Zawartość
Jestem aktywnym użytkownikiem Steam Greenlight. Sprawdzam to co najmniej raz w tygodniu, aby zobaczyć, jakie pomysły mają ludzie. Powiem ci, że „ściągam” 90% rzeczy. Wiele z nich to już tylko gry, wyglądają jak gry flashowe lub są to kolejne Minecraft lub Smukły klon. Nie twierdzę, że tego typu gry są złe, ale ludzie powinni pomyśleć o tym, co zamierzają zrobić, zanim wyrzucą 100 dolarów.
Ocean złych pomysłów
W Greenlight są przypadki naprawdę dobrych gier, ale ciężko jest znaleźć je w oceanie naprawdę złych pomysłów. To doprowadziło mnie do myślenia o innowacjach w grach. Wiesz już, że branża gier jest złym miejscem. Ludzie krzyczą na ciebie z powodu wszystkiego. I mają do tego prawo. W końcu chodzi o pieniądze. Ich i twoje. Próba wniesienia czegoś nowego jest ryzykowna i przez większość czasu nie będzie działać. Ale czyja to wina? Pozdrawiam, bo masz zły pomysł lub nie rozumiesz? Trudno odpowiedzieć, ale większość czasu deweloperzy mają naprawdę złe pomysły.
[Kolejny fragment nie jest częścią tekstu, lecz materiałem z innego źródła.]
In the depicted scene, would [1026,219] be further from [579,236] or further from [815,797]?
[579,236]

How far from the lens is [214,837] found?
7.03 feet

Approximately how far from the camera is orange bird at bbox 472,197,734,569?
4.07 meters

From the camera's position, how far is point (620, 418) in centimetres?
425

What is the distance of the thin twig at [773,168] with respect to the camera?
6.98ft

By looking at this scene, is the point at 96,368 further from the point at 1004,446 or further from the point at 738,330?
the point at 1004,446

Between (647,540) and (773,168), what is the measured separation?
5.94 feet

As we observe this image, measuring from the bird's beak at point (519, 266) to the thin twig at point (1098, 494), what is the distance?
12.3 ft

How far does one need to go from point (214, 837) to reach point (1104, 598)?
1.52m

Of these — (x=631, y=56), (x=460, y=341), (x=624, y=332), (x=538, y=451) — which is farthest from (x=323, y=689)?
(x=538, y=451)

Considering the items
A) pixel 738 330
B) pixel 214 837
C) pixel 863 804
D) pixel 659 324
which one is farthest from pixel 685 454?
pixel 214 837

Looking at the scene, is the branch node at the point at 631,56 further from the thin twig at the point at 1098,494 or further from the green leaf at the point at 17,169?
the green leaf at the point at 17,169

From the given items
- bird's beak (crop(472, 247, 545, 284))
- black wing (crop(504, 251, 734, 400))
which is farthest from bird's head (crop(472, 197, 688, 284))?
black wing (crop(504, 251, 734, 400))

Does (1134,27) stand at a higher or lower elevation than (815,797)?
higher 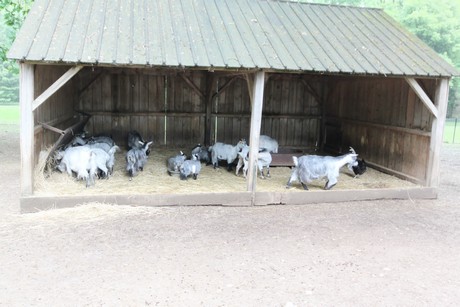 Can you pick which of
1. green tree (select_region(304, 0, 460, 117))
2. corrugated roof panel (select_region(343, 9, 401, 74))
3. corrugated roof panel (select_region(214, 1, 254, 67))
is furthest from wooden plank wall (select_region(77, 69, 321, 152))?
green tree (select_region(304, 0, 460, 117))

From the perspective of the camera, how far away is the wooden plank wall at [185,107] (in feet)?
43.2

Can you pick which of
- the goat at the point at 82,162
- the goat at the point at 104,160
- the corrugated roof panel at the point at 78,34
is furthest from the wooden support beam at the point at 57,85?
the goat at the point at 104,160

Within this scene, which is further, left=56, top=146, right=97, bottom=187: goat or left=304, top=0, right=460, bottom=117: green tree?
left=304, top=0, right=460, bottom=117: green tree

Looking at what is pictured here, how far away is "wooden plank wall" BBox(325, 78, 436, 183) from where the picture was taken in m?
9.41

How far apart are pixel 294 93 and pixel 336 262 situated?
9.38 metres

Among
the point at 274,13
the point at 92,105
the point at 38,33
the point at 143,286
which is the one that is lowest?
the point at 143,286

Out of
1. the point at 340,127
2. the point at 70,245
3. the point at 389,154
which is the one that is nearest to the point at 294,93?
the point at 340,127

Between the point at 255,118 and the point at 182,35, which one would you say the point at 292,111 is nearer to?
the point at 255,118

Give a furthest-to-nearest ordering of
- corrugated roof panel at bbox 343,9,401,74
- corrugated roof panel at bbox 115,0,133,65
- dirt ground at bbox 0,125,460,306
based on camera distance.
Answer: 1. corrugated roof panel at bbox 343,9,401,74
2. corrugated roof panel at bbox 115,0,133,65
3. dirt ground at bbox 0,125,460,306

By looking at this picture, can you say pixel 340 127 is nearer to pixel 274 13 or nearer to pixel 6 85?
pixel 274 13

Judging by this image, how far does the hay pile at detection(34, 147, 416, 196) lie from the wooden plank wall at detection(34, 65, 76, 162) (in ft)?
2.23

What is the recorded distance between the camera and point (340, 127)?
13156mm

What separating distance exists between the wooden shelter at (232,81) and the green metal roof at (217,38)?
0.10 ft

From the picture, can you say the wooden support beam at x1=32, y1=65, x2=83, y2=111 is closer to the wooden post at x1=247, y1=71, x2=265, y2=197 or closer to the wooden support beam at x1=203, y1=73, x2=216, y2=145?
the wooden post at x1=247, y1=71, x2=265, y2=197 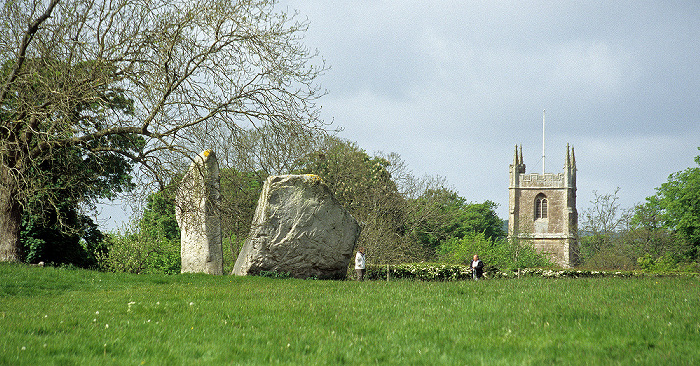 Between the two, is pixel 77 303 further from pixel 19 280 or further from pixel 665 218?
pixel 665 218

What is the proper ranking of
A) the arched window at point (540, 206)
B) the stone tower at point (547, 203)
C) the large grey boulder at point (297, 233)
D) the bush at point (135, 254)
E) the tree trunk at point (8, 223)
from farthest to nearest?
the arched window at point (540, 206)
the stone tower at point (547, 203)
the bush at point (135, 254)
the large grey boulder at point (297, 233)
the tree trunk at point (8, 223)

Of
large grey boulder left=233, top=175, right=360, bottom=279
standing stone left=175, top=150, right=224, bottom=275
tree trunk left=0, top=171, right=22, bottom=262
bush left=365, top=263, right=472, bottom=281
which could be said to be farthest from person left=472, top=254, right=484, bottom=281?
tree trunk left=0, top=171, right=22, bottom=262

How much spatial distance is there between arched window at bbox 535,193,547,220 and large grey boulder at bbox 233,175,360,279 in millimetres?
61870

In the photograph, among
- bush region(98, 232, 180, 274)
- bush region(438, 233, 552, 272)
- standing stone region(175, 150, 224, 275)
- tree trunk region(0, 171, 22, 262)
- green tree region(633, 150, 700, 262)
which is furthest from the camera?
green tree region(633, 150, 700, 262)

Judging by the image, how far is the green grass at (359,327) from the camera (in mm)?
6668

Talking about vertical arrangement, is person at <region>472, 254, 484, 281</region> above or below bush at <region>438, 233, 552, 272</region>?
below

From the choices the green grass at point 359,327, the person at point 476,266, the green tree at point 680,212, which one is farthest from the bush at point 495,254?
the green grass at point 359,327

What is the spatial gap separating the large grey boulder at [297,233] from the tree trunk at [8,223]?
7.44 m

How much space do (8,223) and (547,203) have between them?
70.8m

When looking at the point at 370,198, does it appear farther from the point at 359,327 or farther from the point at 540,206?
the point at 540,206

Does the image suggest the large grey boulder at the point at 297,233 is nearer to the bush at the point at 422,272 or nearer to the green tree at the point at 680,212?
the bush at the point at 422,272

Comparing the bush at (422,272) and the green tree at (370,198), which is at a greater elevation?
the green tree at (370,198)

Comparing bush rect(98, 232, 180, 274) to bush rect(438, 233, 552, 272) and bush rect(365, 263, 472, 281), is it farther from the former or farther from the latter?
bush rect(438, 233, 552, 272)

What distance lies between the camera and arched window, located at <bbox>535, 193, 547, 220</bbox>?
7675 cm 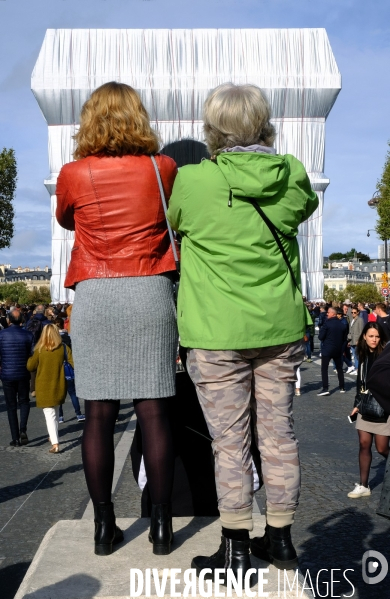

Dlatego ludzie boją się zrobić coś nowego, ponieważ „może nie działać”. Dlatego poświęcają swój czas i pieniądze na stworzenie innego Minecraft klon. Nie wiem dlaczego, ponieważ nie będzie lepiej niż Minecraft. Społeczność może zrobić to samo co ty i lepiej. Z drugiej strony ludzie próbują wnieść coś nowego do gier w stylu woksela, takich jak broń. Ludzie stworzyli wiele modów do broni dla Minecrafta, ale to po prostu nie pasuje. Na tym powinni skupiać się programiści. Robienie czegoś, czego nie ma Minecraft.
Ludzie chcą prostoty
Jako fan gier strategicznych jestem bardzo rozczarowany. Niewiele jest nowych. Myślę, że to dlatego, że ludzie nie mają już tyle czasu, ale kiedy widzę ludzi grających w LoL lub Dota 2 przez 45 minut, nawet jeśli mogą przegrać, to nie to. To złożoność. Ludzie nie chcą już skomplikowanych gier. Istnieją pewne wyjątki Starcraft a może nawet Dota. Ludzie mówią, że trudno nauczyć się grać w Dota, ale kiedy porównuję czas potrzebny do nauki gry Dota do Twierdza Krasnoludów to jest śmieszne.
W końcu to klienci kształtują tę branżę, a nie duże firmy. To miłe, że wiele osób domaga się czegoś więcej niż tylko prostych gier, ale kiedy biegną w sklepie i kupują kolejną grę Call of Duty pierwszego dnia, nie jest to zbyt skuteczne.